Search code examples
stringsplitluastrsplit

Lua split string considering nil entry


str = "cat,dog,,horse"
for word in string.gmatch(str, "([^,'',%s]+)") do
    print(word)
end

This code outputs the following.

cat
dog
horse

I want to consider nil entry as well and want to have the following output.

cat
dog
nil
horse

How can this be done? Could someone please point out?


Solution

  • A few things:

    • nil ~= "". You probably want the empty string rather than nil here. It is however trivial to convert one into the other, so I'll be using the empty string in the following code.
    • You don't need the parentheses around the gmatch pattern. If there are no "captures" (parentheses), the entire pattern is implicitly captured.
    • I'm rather confused about the intent of your pattern. You're matching sequences of one or more non-(whitespace, comma, or single quote) characters; that is, you're splitting on all of whitespace, commata, and single quotes.
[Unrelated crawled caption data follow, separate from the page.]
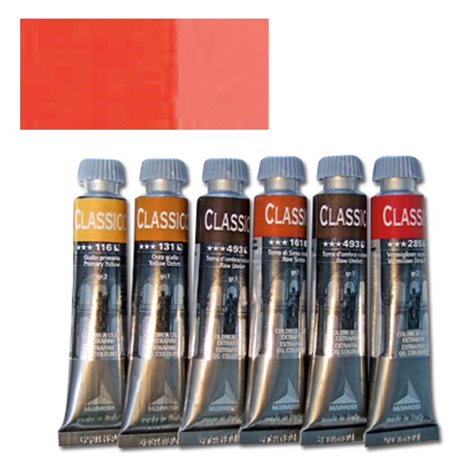 Λάδι Ζωγραφικής Maimeri Classico 20ml 249 Κόκκινο-Πορτοκαλί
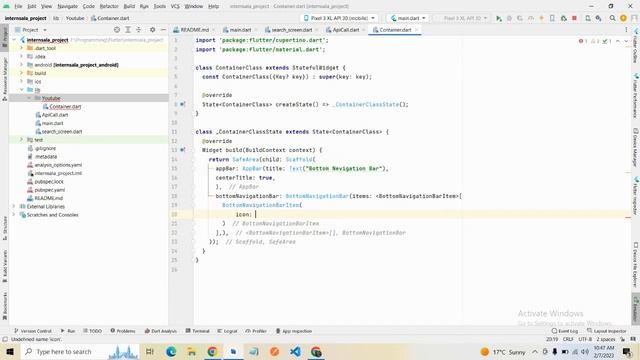 Bottom Navigation Bar In Flutter. Easy Way.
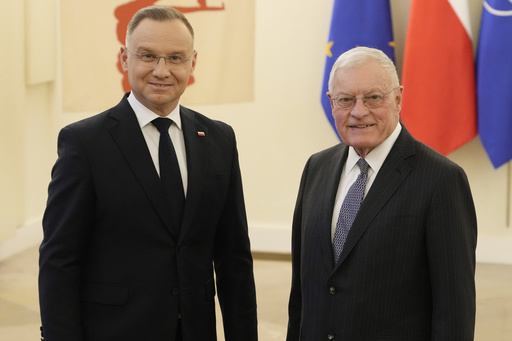 Poland’s leader confirms US guarantees troop levels will remain unchanged in the region.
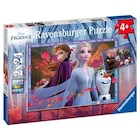 Promo La Reine Des Neiges 2 - Puzzles 2 X 24 Pieces - Vers Des Contrees Glacees à 13,99 € dans le catalogue JouéClub à Cazaux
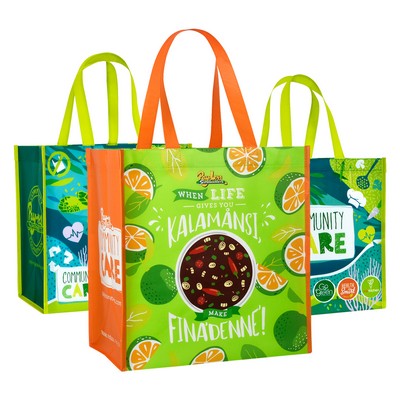 120g Laminated Non-Woven Custom Shopping Tote Bag (12.5"x13"x8.5")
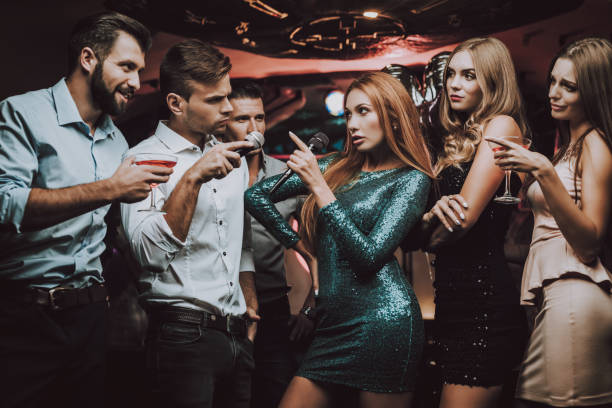 istock Karaoke Club. Celebration. Young People. Smile. 1045879198
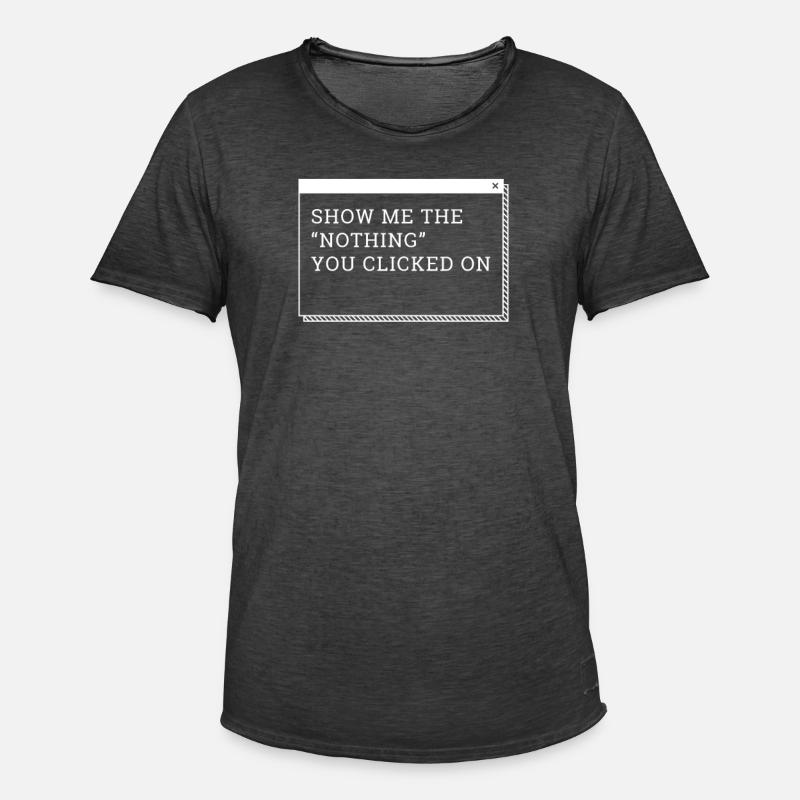 Hacker Programmierer Entwickler Informatik - Männer Vintage T-Shirt - Vintage Schwarz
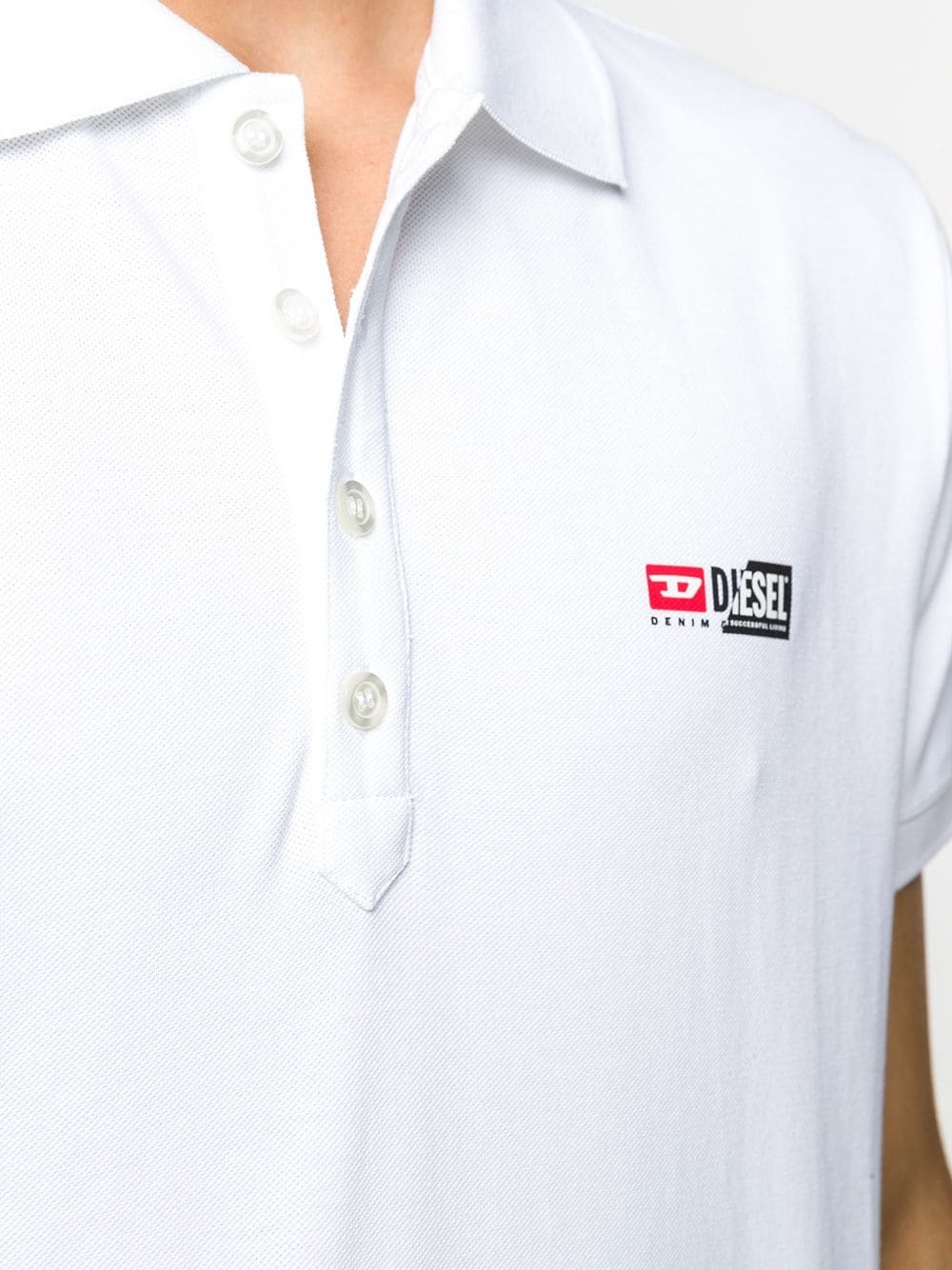 logo print shortsleeved polo shirt - 5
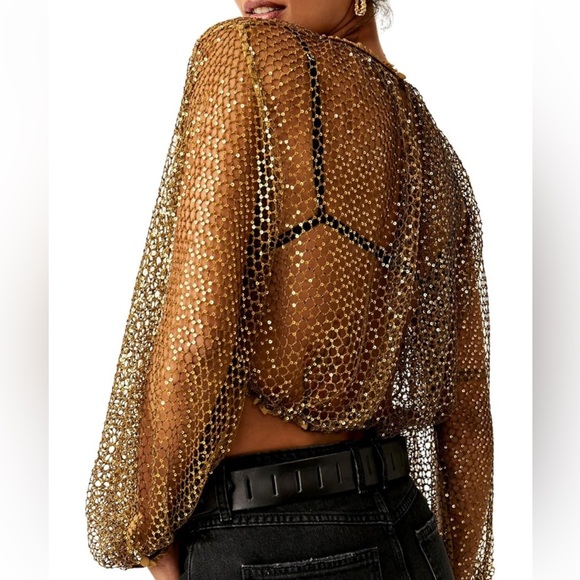 NWOT Free People Sparks Fly Top - Picture 5 of 10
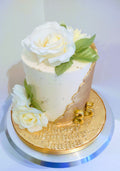 Elegant White & Gold Floral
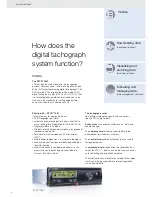 Preview for 4 page of VDO DIGITAL TACHOGRAPHS - Manuallines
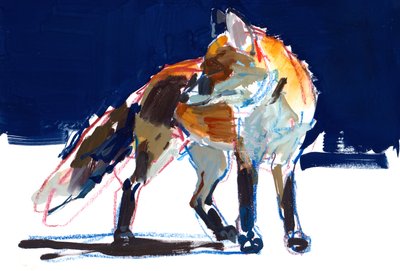 Street Walker, 2022 av Mark Adlington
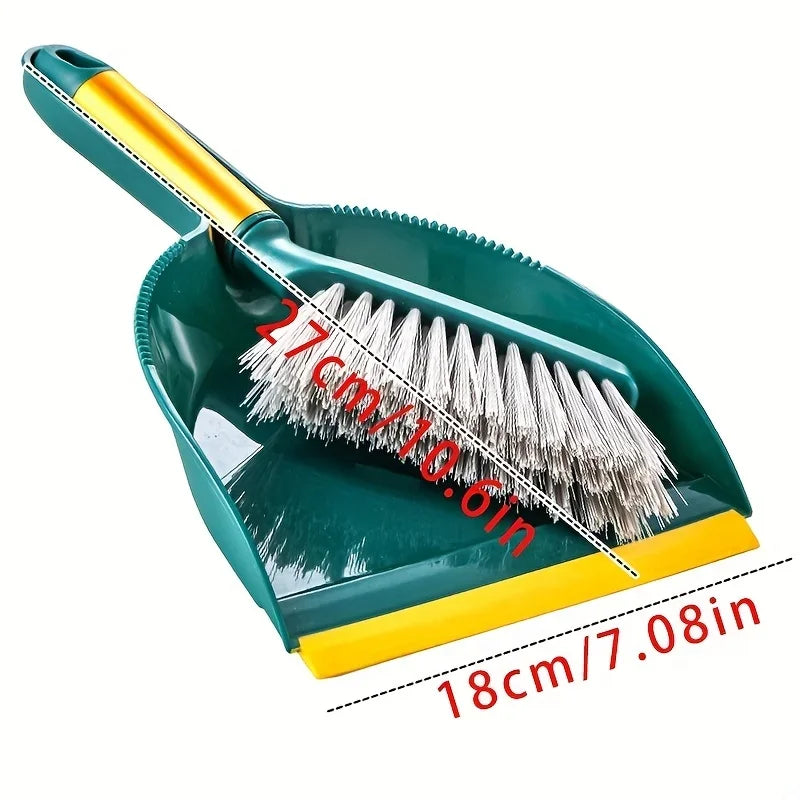 Mini Desktop Broom & Dustpan Set – Compact Plastic Desk Cleaner Mini Broom Set Zpaxo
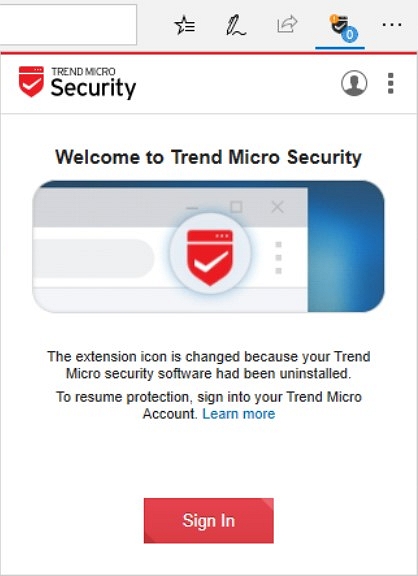 Continue Using Trend Micro Security for Microsoft Edge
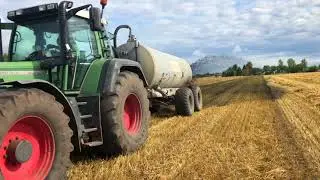 ☆ Wożenie Pofermentu z BioGazowni ☆ Fendt Favorit 916 i Armor ☆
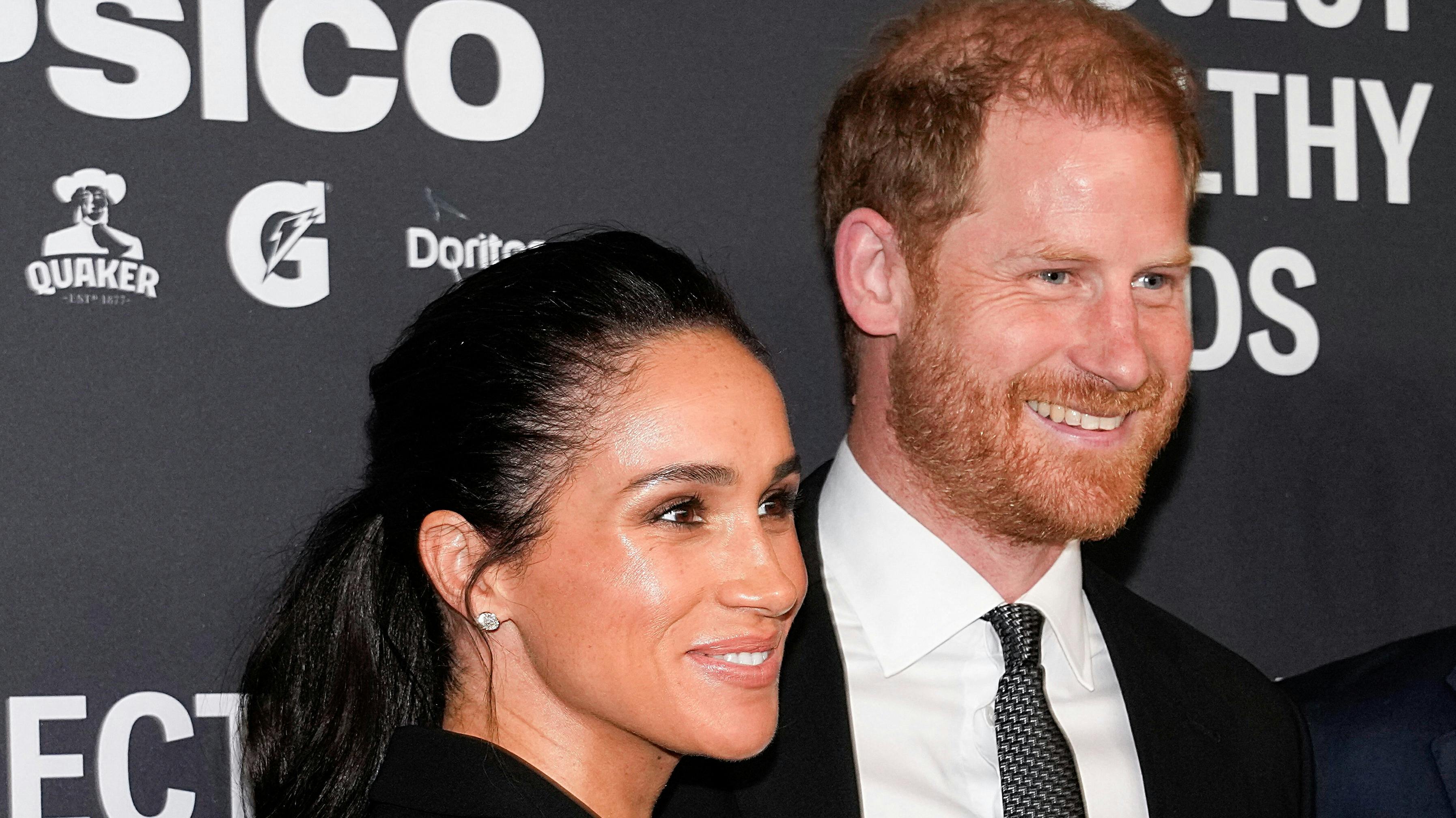 Hertuginde Meghan og prins Harry.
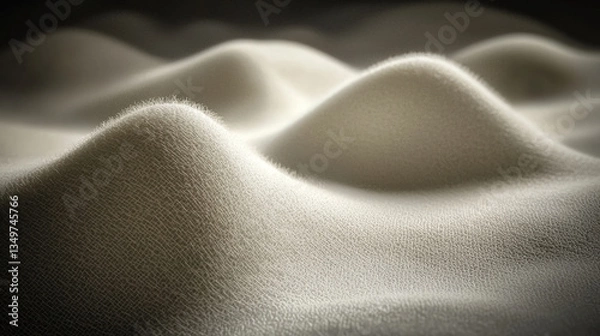 Fototapeta Soft fabric texture resembling gentle hills, creating serene atmosphere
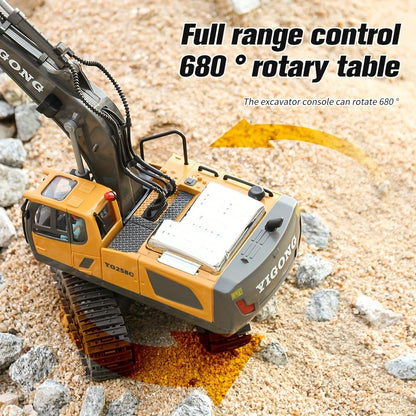 2.4Ghz Remote Control Engineering Vehicle Excavator Dump Truck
For some reason, you also have ' and , twice in the character class; just once suffices. I'll be assuming you want to split by ,.

    The issue is that currently your pattern uses the + (one or more) quantifier when you want * (zero or more). Just using * works completely fine on Lua 5.4:

    Lua 5.4.4  Copyright (C) 1994-2022 Lua.org, PUC-Rio
    > local str = "cat,dog,,horse"; for word in str:gmatch"[^,]*" do print(word) end
    cat
    dog
    
    horse
    

    However, there is an issue when you try to run that same code on LuaJIT: It will produce seemingly random empty strings rather than only producing an empty string for two consecutive delimiters (this could be seen as "technically correct" since the empty string is a match for *, but I see it as a violation of the greediness of *). One solution is to require each match to end with a delimiter, appending a delimiter, and matching everything but the delimiter:

    LuaJIT 2.1.0-beta3 -- Copyright (C) 2005-2017 Mike Pall. http://luajit.org/
    JIT: ON SSE2 SSE3 SSE4.1 AMD BMI2 fold cse dce fwd dse narrow loop abc sink fuse
    > local str = "cat,dog,,horse"; for word in (str .. ","):gmatch("(.-),") do print(word) end
    cat
    dog
    
    horse
    

    A third option would be to split manually using repeated calls to string.find. Here's the utility I wrote myself for that:

    function spliterator(str, delim, plain)
        assert(delim ~= "")
        local last_delim_end = 0
    
        -- Iterator of possibly empty substrings between two matches of the delimiter
        -- To exclude empty strings, filter the iterator or use `:gmatch"[...]+"` instead
        return function()
            if not last_delim_end then
                return
            end
    
            local delim_start, delim_end = str:find(delim, last_delim_end + 1, plain)
            local substr
            if delim_start then
                substr = str:sub(last_delim_end + 1, delim_start - 1)
            else
                substr = str:sub(last_delim_end + 1)
            end
            last_delim_end = delim_end
            return substr
        end
    end
    

    The usage in this example would be

    for word in spliterator("cat,dog,,horse", ",") do print(word) end
    

    Whether you want to add this to the string table, keep it in a local variable or perhaps a required string util module is up to you.